[Captioned web image data]
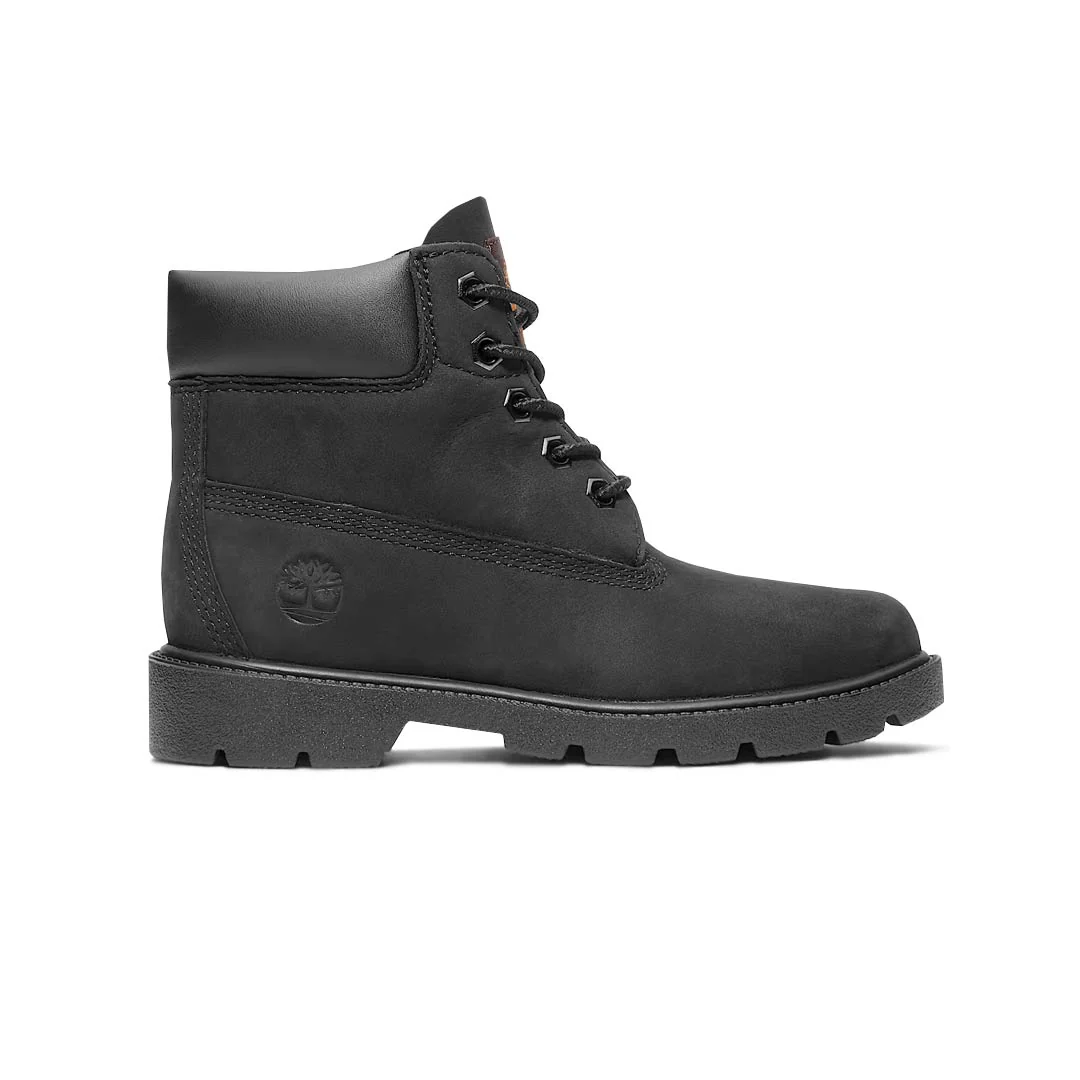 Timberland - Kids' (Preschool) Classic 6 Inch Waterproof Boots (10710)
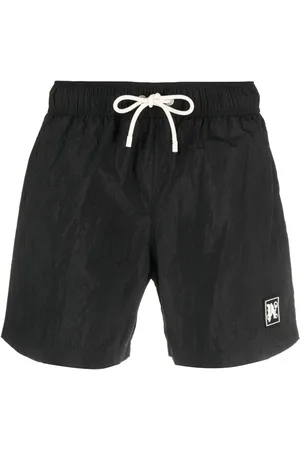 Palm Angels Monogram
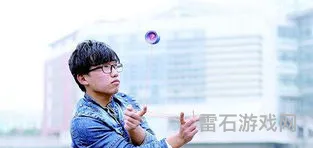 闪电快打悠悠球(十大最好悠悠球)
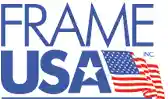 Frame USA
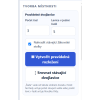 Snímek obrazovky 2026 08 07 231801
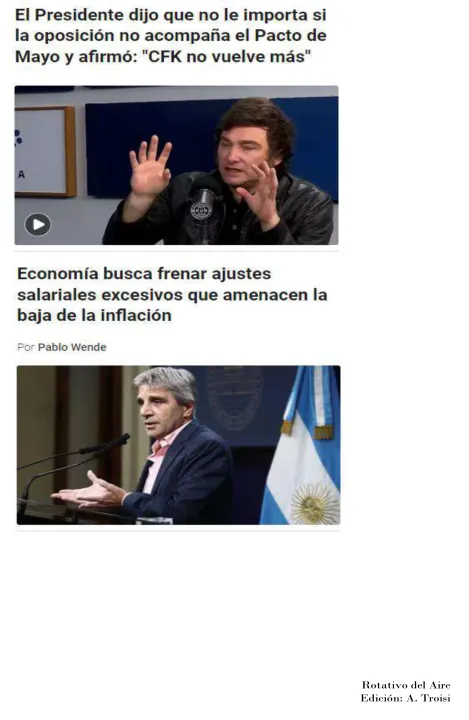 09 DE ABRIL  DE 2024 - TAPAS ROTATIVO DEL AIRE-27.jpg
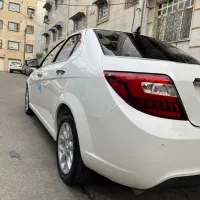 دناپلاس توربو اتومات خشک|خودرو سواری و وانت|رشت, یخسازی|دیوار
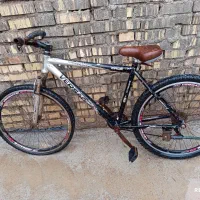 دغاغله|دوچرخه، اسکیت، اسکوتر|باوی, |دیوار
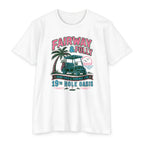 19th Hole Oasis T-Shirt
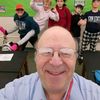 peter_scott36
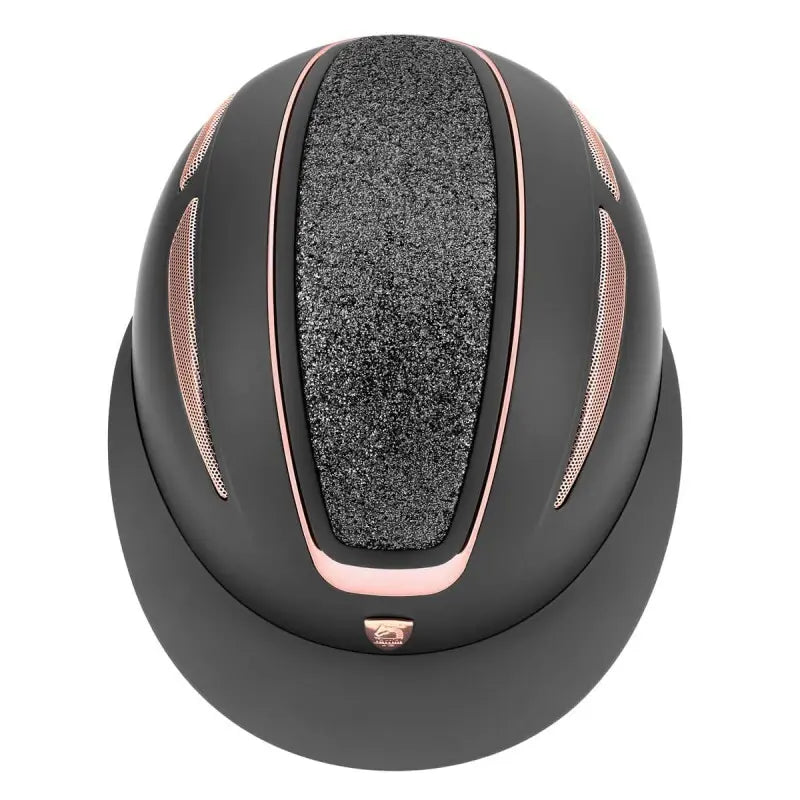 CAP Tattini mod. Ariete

*WHAT THE EXERCISE ASKS*.
Set down exactly, with no additions, each line from the line that includes "闪电快打悠悠球(十大最好悠悠球)" to the final line of the entries above; leave pictures out.

*SOLUTION TO THE PROBLEM*.
 闪电快打悠悠球(十大最好悠悠球)
 Frame USA
 Snímek obrazovky 2026 08 07 231801
 09 DE ABRIL  DE 2024 - TAPAS ROTATIVO DEL AIRE-27.jpg
 دناپلاس توربو اتومات خشک|خودرو سواری و وانت|رشت, یخسازی|دیوار
 دغاغله|دوچرخه، اسکیت، اسکوتر|باوی, |دیوار
 19th Hole Oasis T-Shirt
 peter_scott36
 CAP Tattini mod. Ariete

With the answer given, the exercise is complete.